## Task item
With the pictures left out, transcribe exactly the lines from the one with "VALANOVA Sterling Silver" through the end of the data.

## Provided material
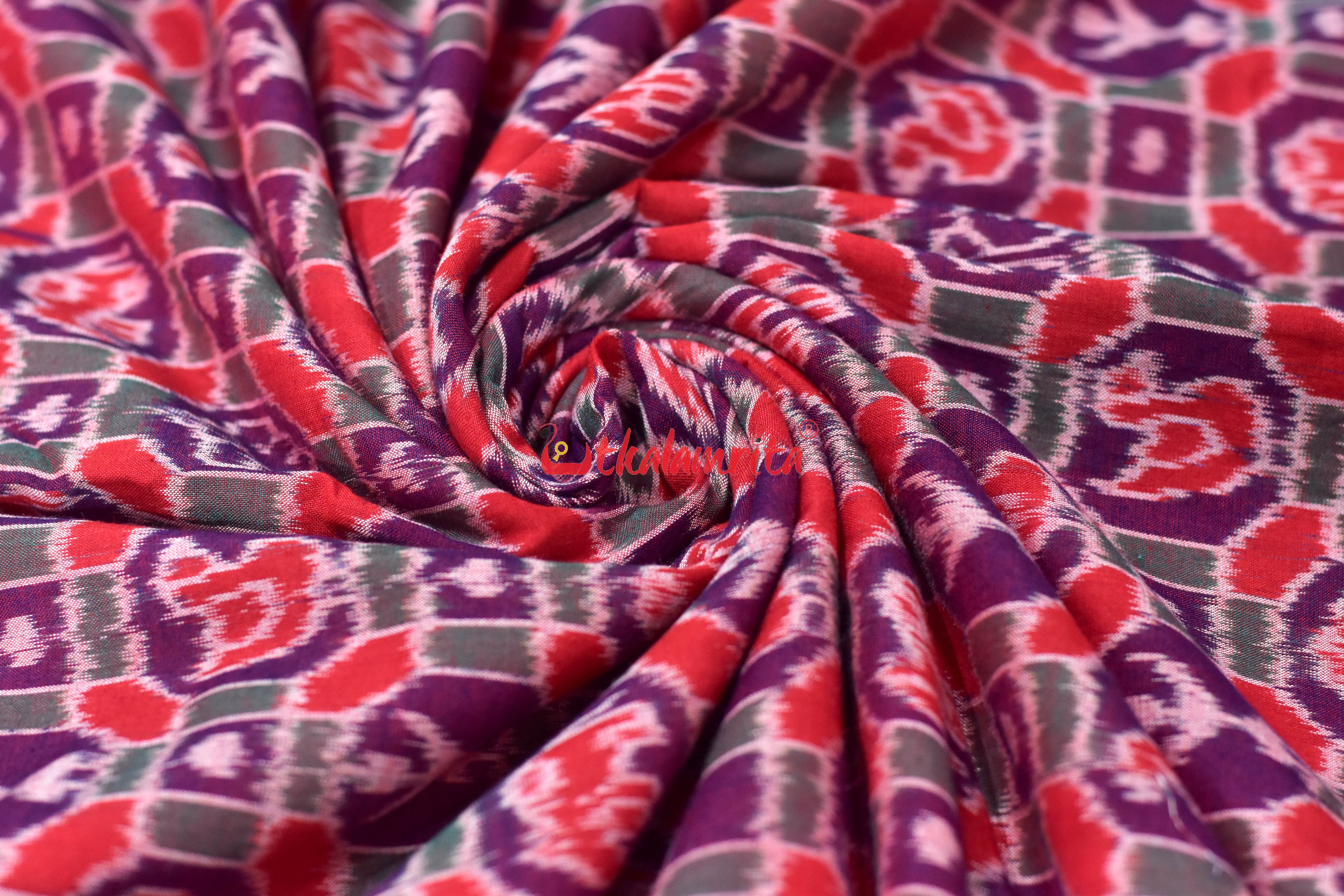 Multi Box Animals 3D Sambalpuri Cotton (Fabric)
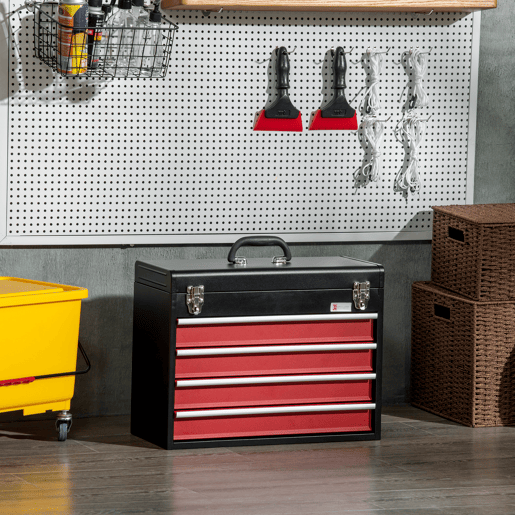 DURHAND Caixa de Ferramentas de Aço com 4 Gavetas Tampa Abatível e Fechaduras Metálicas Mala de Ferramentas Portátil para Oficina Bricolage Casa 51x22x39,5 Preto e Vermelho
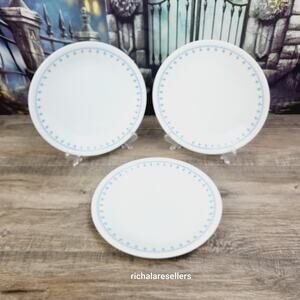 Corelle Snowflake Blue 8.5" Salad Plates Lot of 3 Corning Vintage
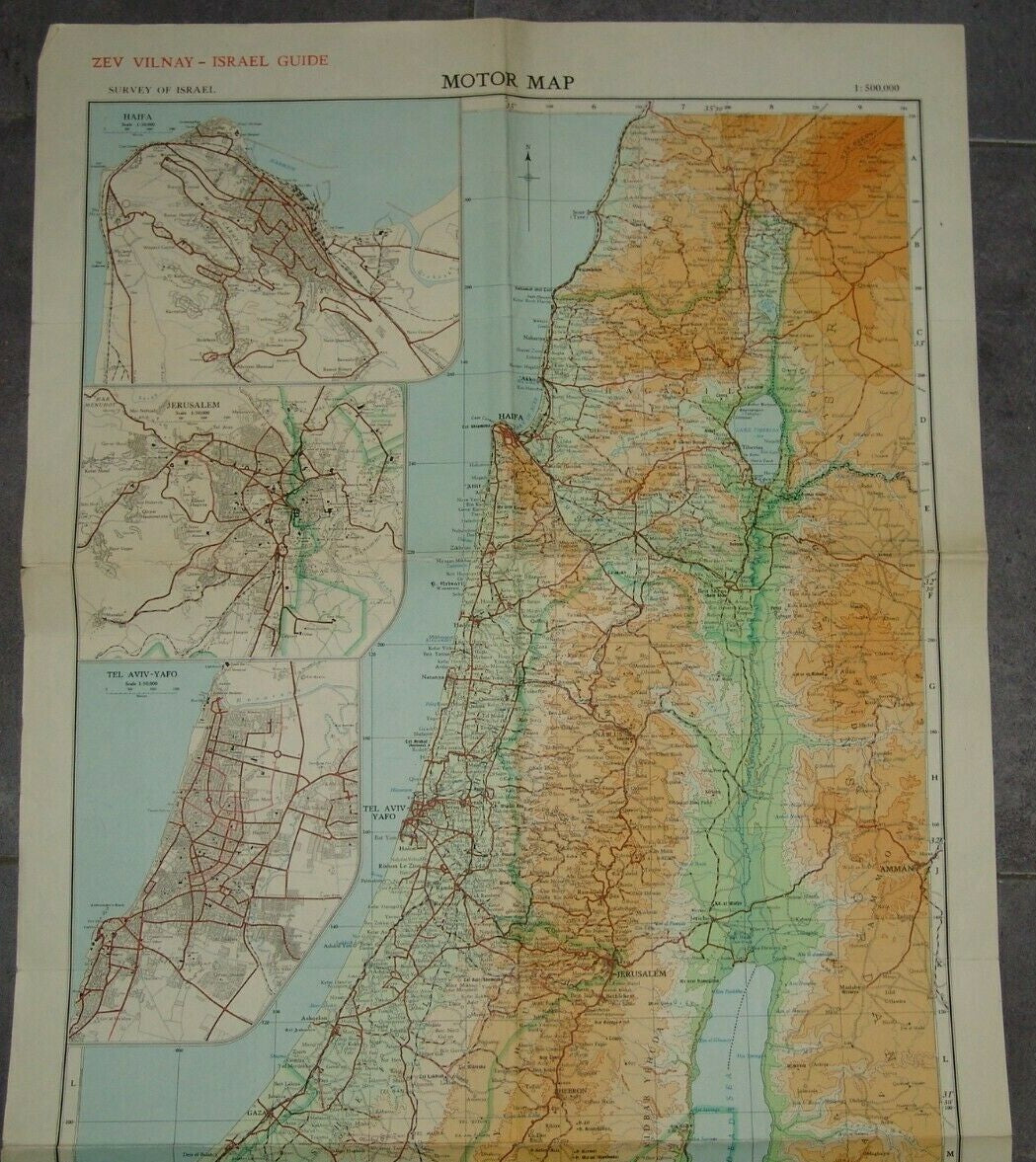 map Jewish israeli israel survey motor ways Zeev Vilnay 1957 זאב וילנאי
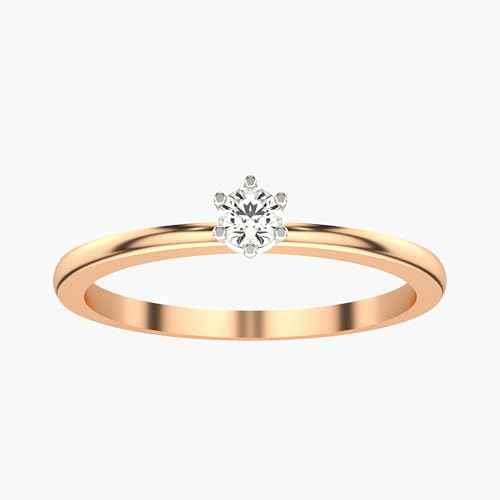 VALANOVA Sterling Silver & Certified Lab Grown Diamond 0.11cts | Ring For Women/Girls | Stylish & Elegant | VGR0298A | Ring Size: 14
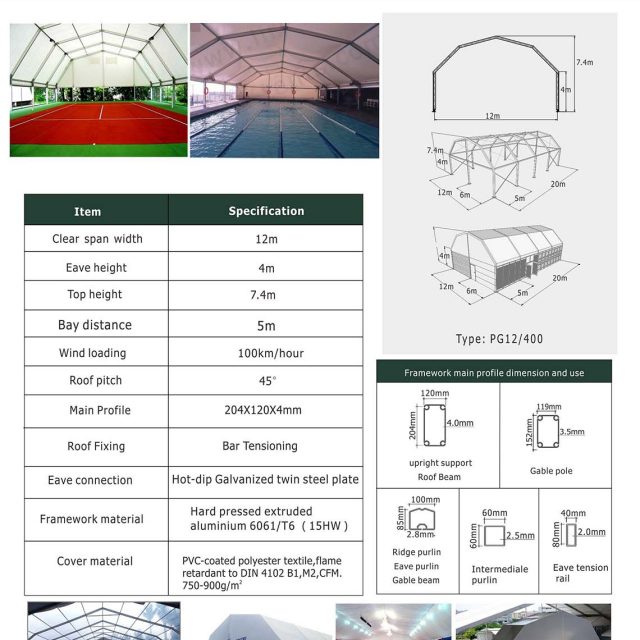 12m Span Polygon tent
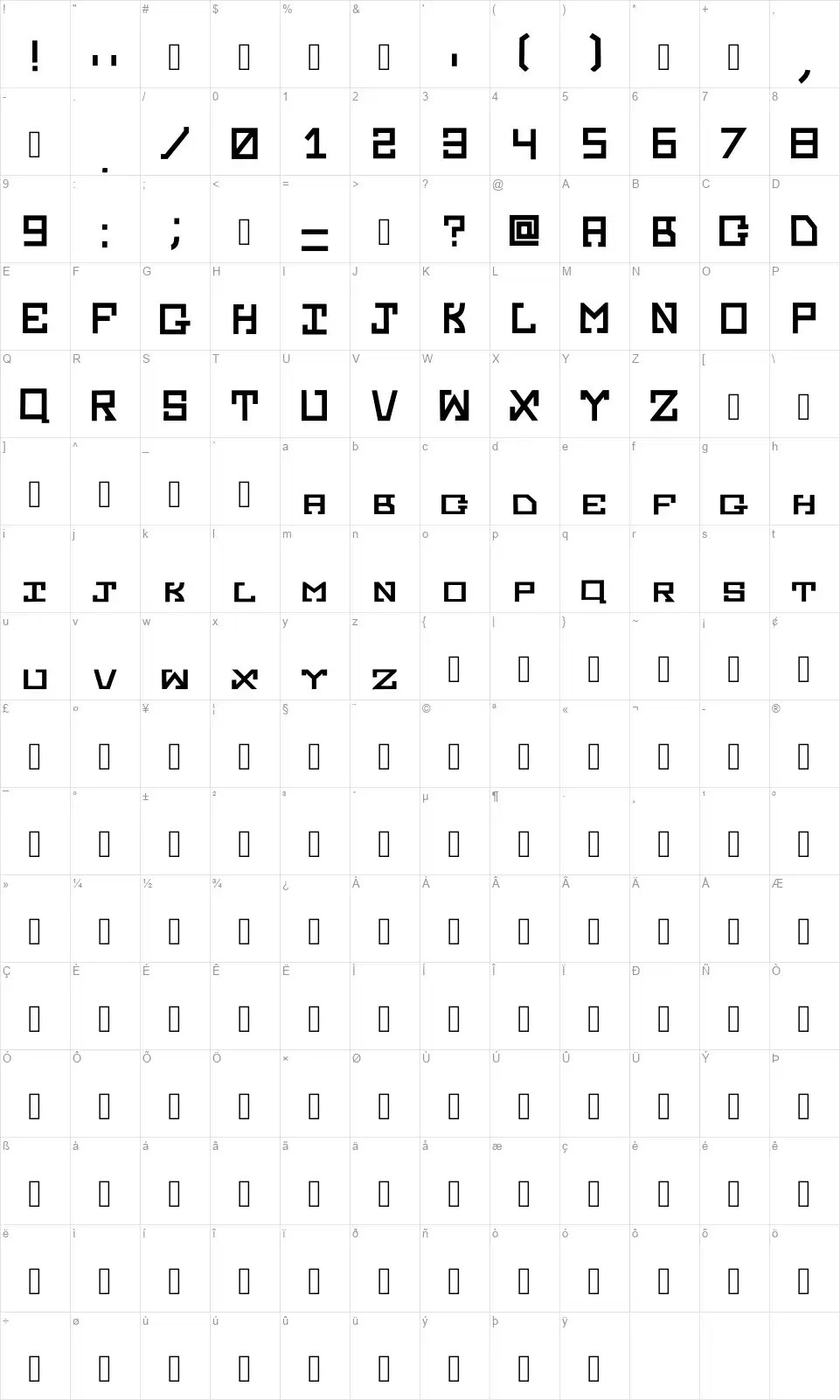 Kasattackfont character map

## Result
 VALANOVA Sterling Silver & Certified Lab Grown Diamond 0.11cts | Ring For Women/Girls | Stylish & Elegant | VGR0298A | Ring Size: 14
 12m Span Polygon tent
 Kasattackfont character map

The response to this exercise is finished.